PROVIDED RECORDS:
* * *
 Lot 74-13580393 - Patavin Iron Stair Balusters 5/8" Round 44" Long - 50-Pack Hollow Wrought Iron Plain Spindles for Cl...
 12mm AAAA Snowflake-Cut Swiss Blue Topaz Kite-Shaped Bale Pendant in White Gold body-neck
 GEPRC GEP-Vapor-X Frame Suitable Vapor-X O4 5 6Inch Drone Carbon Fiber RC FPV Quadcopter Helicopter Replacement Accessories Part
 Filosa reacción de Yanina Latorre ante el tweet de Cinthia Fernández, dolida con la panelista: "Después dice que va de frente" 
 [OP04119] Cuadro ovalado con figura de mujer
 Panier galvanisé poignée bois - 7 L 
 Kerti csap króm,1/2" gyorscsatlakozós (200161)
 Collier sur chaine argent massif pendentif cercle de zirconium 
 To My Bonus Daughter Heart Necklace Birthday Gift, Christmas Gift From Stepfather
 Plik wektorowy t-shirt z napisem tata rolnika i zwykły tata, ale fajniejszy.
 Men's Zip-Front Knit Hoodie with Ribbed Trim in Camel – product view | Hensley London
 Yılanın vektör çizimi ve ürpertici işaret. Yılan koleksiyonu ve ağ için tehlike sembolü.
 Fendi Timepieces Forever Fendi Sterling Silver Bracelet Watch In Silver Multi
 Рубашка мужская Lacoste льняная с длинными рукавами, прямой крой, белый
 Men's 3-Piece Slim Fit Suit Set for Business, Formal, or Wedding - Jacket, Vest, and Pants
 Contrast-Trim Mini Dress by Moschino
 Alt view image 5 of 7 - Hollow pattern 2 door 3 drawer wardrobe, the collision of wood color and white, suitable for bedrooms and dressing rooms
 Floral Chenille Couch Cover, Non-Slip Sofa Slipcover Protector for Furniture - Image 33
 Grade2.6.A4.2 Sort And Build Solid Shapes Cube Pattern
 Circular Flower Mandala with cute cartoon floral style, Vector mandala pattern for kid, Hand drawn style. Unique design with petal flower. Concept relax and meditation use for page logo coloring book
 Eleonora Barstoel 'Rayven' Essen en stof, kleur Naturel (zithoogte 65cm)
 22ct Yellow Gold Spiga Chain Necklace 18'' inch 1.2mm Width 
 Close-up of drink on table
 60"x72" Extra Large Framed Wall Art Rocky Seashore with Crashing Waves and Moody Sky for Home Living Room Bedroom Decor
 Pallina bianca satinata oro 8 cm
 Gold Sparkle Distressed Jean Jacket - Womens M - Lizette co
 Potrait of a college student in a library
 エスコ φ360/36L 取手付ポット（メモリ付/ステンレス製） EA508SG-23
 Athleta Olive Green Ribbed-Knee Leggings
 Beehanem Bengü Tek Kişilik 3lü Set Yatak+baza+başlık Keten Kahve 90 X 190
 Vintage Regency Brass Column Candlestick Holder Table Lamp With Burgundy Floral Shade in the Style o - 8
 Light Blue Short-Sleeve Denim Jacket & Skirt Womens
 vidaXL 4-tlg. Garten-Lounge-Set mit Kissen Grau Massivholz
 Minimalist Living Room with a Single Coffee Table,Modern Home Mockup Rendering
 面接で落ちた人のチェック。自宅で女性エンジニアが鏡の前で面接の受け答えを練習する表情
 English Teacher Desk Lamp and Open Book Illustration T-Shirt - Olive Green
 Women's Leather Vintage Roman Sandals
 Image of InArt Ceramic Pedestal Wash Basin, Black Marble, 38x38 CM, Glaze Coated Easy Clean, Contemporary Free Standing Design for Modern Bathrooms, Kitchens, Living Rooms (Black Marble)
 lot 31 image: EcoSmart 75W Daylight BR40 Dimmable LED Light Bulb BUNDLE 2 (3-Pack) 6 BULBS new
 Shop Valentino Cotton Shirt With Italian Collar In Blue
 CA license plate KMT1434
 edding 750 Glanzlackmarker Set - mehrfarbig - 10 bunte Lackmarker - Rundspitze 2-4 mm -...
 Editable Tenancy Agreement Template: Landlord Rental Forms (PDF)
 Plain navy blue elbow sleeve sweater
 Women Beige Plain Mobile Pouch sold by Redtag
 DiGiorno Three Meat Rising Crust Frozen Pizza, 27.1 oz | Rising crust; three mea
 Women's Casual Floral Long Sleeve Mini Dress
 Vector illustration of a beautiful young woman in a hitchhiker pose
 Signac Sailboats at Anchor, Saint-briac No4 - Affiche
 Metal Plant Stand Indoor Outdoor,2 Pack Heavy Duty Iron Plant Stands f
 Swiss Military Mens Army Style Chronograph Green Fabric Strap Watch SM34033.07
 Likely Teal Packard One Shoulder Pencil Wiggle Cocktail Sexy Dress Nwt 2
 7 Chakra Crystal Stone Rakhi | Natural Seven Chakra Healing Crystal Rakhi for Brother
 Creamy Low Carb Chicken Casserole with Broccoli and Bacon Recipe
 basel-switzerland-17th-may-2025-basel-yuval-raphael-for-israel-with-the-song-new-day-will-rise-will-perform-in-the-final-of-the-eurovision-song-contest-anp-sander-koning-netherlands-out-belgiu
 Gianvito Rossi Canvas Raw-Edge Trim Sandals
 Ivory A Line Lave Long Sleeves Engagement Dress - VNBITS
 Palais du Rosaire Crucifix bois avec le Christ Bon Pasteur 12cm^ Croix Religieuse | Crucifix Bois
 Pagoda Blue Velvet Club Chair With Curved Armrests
* * *
YOUR ASSIGNMENT:
Your answer must be an exact copy of every entry above.

ANSWER AREA:
 Lot 74-13580393 - Patavin Iron Stair Balusters 5/8" Round 44" Long - 50-Pack Hollow Wrought Iron Plain Spindles for Cl...
 12mm AAAA Snowflake-Cut Swiss Blue Topaz Kite-Shaped Bale Pendant in White Gold body-neck
 GEPRC GEP-Vapor-X Frame Suitable Vapor-X O4 5 6Inch Drone Carbon Fiber RC FPV Quadcopter Helicopter Replacement Accessories Part
 Filosa reacción de Yanina Latorre ante el tweet de Cinthia Fernández, dolida con la panelista: "Después dice que va de frente" 
 [OP04119] Cuadro ovalado con figura de mujer
 Panier galvanisé poignée bois - 7 L 
 Kerti csap króm,1/2" gyorscsatlakozós (200161)
 Collier sur chaine argent massif pendentif cercle de zirconium 
 To My Bonus Daughter Heart Necklace Birthday Gift, Christmas Gift From Stepfather
 Plik wektorowy t-shirt z napisem tata rolnika i zwykły tata, ale fajniejszy.
 Men's Zip-Front Knit Hoodie with Ribbed Trim in Camel – product view | Hensley London
 Yılanın vektör çizimi ve ürpertici işaret. Yılan koleksiyonu ve ağ için tehlike sembolü.
 Fendi Timepieces Forever Fendi Sterling Silver Bracelet Watch In Silver Multi
 Рубашка мужская Lacoste льняная с длинными рукавами, прямой крой, белый
 Men's 3-Piece Slim Fit Suit Set for Business, Formal, or Wedding - Jacket, Vest, and Pants
 Contrast-Trim Mini Dress by Moschino
 Alt view image 5 of 7 - Hollow pattern 2 door 3 drawer wardrobe, the collision of wood color and white, suitable for bedrooms and dressing rooms
 Floral Chenille Couch Cover, Non-Slip Sofa Slipcover Protector for Furniture - Image 33
 Grade2.6.A4.2 Sort And Build Solid Shapes Cube Pattern
 Circular Flower Mandala with cute cartoon floral style, Vector mandala pattern for kid, Hand drawn style. Unique design with petal flower. Concept relax and meditation use for page logo coloring book
 Eleonora Barstoel 'Rayven' Essen en stof, kleur Naturel (zithoogte 65cm)
 22ct Yellow Gold Spiga Chain Necklace 18'' inch 1.2mm Width 
 Close-up of drink on table
 60"x72" Extra Large Framed Wall Art Rocky Seashore with Crashing Waves and Moody Sky for Home Living Room Bedroom Decor
 Pallina bianca satinata oro 8 cm
 Gold Sparkle Distressed Jean Jacket - Womens M - Lizette co
 Potrait of a college student in a library
 エスコ φ360/36L 取手付ポット（メモリ付/ステンレス製） EA508SG-23
 Athleta Olive Green Ribbed-Knee Leggings
 Beehanem Bengü Tek Kişilik 3lü Set Yatak+baza+başlık Keten Kahve 90 X 190
 Vintage Regency Brass Column Candlestick Holder Table Lamp With Burgundy Floral Shade in the Style o - 8
 Light Blue Short-Sleeve Denim Jacket & Skirt Womens
 vidaXL 4-tlg. Garten-Lounge-Set mit Kissen Grau Massivholz
 Minimalist Living Room with a Single Coffee Table,Modern Home Mockup Rendering
 面接で落ちた人のチェック。自宅で女性エンジニアが鏡の前で面接の受け答えを練習する表情
 English Teacher Desk Lamp and Open Book Illustration T-Shirt - Olive Green
 Women's Leather Vintage Roman Sandals
 Image of InArt Ceramic Pedestal Wash Basin, Black Marble, 38x38 CM, Glaze Coated Easy Clean, Contemporary Free Standing Design for Modern Bathrooms, Kitchens, Living Rooms (Black Marble)
 lot 31 image: EcoSmart 75W Daylight BR40 Dimmable LED Light Bulb BUNDLE 2 (3-Pack) 6 BULBS new
 Shop Valentino Cotton Shirt With Italian Collar In Blue
 CA license plate KMT1434
 edding 750 Glanzlackmarker Set - mehrfarbig - 10 bunte Lackmarker - Rundspitze 2-4 mm -...
 Editable Tenancy Agreement Template: Landlord Rental Forms (PDF)
 Plain navy blue elbow sleeve sweater
 Women Beige Plain Mobile Pouch sold by Redtag
 DiGiorno Three Meat Rising Crust Frozen Pizza, 27.1 oz | Rising crust; three mea
 Women's Casual Floral Long Sleeve Mini Dress
 Vector illustration of a beautiful young woman in a hitchhiker pose
 Signac Sailboats at Anchor, Saint-briac No4 - Affiche
 Metal Plant Stand Indoor Outdoor,2 Pack Heavy Duty Iron Plant Stands f
 Swiss Military Mens Army Style Chronograph Green Fabric Strap Watch SM34033.07
 Likely Teal Packard One Shoulder Pencil Wiggle Cocktail Sexy Dress Nwt 2
 7 Chakra Crystal Stone Rakhi | Natural Seven Chakra Healing Crystal Rakhi for Brother
 Creamy Low Carb Chicken Casserole with Broccoli and Bacon Recipe
 basel-switzerland-17th-may-2025-basel-yuval-raphael-for-israel-with-the-song-new-day-will-rise-will-perform-in-the-final-of-the-eurovision-song-contest-anp-sander-koning-netherlands-out-belgiu
 Gianvito Rossi Canvas Raw-Edge Trim Sandals
 Ivory A Line Lave Long Sleeves Engagement Dress - VNBITS
 Palais du Rosaire Crucifix bois avec le Christ Bon Pasteur 12cm^ Croix Religieuse | Crucifix Bois
 Pagoda Blue Velvet Club Chair With Curved Armrests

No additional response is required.